WORK INSTRUCTION – Each line from the line that includes "About Cheaper Online" through the end of the material below must be transcribed exactly, with no other lines.

PROVIDED ENTRIES –
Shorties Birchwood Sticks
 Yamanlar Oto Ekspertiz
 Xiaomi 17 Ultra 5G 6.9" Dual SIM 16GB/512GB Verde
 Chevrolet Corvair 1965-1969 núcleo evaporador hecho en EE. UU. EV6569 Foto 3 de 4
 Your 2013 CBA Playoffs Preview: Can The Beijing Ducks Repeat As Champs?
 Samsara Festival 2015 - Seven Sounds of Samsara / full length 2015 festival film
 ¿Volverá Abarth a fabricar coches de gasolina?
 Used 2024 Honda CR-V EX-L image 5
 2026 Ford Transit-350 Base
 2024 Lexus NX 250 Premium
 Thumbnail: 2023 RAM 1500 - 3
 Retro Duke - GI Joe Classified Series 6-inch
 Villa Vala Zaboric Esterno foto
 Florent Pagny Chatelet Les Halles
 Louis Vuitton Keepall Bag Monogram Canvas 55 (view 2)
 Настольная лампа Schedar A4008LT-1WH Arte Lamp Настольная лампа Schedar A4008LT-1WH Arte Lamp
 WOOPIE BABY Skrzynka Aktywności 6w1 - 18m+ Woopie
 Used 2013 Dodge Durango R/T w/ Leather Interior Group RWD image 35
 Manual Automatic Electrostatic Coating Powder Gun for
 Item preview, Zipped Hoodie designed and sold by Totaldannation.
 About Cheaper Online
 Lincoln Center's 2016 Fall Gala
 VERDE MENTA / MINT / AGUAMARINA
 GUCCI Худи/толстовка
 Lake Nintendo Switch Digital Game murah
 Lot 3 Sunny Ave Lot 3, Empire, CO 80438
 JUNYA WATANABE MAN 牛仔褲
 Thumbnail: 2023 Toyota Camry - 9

ANSWER SPACE –
 About Cheaper Online
 Lincoln Center's 2016 Fall Gala
 VERDE MENTA / MINT / AGUAMARINA
 GUCCI Худи/толстовка
 Lake Nintendo Switch Digital Game murah
 Lot 3 Sunny Ave Lot 3, Empire, CO 80438
 JUNYA WATANABE MAN 牛仔褲
 Thumbnail: 2023 Toyota Camry - 9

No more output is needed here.